This document outlines some of the conventions on development workflow.
- Fork the repository on GitHub
- Read the README for build and test instructions
- Read the STYLEGUIDE for code conventions
- Play with the project, submit bugs, submit patches!
This is a rough outline of what a contributor's workflow looks like:
- Create a topic branch from where you want to base your work (usually master).
- Make commits of logical units.
- Make sure your commit messages are in the proper format (see below).
- Push your changes to a topic branch in your fork of the repository.
- Make sure the tests pass, and add any new tests as appropriate.
- Submit a pull request to the original repository.
We follow a rough convention for commit messages that is designed to answer two questions: what changed and why. The subject line should feature the what and the body of the commit should describe the why.
Add the test-cluster command
This uses tmux to setup a test cluster that you can easily kill and
start for debugging.
Commits that fix a Bugzilla bug should add the bug number like Bug 12345:
to
the first line of the commit and to the pull request title. To help others
quickly go to the bug, also add a link to the bug in the body of the commit
message. This allows automated tooling to generate links to bugs in release
notes and will eventually allow us to automatically transition bugs to ON_QA
when the fix is available in a nightly build.
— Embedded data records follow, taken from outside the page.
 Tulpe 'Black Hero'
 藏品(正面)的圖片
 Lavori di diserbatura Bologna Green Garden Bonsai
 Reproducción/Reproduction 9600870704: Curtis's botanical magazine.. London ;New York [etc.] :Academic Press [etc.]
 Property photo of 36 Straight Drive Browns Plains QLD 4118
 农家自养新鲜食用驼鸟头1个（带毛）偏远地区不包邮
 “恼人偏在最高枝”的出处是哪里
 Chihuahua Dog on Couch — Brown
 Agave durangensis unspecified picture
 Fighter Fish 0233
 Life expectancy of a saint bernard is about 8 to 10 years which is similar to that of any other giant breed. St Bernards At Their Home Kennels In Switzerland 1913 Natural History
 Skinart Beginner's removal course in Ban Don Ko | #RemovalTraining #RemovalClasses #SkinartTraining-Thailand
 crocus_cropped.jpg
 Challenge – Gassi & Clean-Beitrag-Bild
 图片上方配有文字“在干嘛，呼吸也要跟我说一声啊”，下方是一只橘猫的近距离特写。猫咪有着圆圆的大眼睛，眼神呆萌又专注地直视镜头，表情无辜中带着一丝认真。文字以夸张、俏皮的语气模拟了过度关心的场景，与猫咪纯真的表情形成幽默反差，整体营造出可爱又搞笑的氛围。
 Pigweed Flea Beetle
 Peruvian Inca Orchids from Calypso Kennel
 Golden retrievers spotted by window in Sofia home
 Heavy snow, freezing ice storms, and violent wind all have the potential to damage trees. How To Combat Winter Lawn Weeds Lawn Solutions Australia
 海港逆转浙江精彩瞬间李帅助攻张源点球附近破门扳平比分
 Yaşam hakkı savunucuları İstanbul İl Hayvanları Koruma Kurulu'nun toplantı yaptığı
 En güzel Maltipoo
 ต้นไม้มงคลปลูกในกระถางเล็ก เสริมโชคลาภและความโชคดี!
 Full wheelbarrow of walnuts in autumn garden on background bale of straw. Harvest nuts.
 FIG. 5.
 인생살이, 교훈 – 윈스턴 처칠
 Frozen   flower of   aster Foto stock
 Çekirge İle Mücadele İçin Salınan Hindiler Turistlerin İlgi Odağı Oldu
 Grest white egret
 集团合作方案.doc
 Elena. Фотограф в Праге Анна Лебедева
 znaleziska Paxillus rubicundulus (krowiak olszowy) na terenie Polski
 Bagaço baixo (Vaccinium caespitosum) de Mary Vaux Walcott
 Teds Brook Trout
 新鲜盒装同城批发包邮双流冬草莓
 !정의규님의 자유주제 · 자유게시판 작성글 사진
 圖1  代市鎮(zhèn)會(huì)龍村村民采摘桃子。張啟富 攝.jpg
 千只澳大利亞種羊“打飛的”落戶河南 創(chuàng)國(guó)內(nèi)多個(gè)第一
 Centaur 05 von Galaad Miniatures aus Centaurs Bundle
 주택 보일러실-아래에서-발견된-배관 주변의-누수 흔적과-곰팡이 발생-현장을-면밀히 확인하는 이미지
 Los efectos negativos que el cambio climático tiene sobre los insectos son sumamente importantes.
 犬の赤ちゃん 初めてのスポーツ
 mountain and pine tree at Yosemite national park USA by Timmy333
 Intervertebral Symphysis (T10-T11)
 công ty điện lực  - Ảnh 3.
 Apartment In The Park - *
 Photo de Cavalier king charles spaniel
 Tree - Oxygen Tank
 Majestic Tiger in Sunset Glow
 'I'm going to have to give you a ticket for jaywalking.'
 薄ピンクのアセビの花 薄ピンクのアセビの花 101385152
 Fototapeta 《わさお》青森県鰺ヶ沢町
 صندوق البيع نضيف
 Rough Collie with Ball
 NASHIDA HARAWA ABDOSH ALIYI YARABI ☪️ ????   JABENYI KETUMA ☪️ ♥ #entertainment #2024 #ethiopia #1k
Here's an example commit message
for a change that fixes a Bugzilla bug:
Bug 1679272: Validate console can talk to OAuth token URL
Make sure we can successfully talk to the OAuth token URL after
discovering metadata before marking the console pod as ready.
Fixes https://bugzilla.redhat.com/show_bug.cgi?id=1679272
Pull requests that close GitHub issues should add text to the pull request
description in the format Closes #123
. GitHub will automatically link each
issue to its pull request and close the issue when the pull request merges.
While we don't have automated tooling for JIRA issues, you should still include a link to the issue in the commit description to make it easy to get to the issue.
Branches for previous releases follow the format release-X.Y
, for example,
release-4.1
. Typically, bugs are fixed in the master branch first then
backported to the appropriate release branches. Fixes backported to previous
releases should have a Bugzilla bug for each version fixed.
You can use the /cherrypick
command to ask the bot to backport a fix.
/cherrypick release-4.1
will create a new pull request against the release-4.1 branch when the current pull request merges as long as there are no merge conflicts.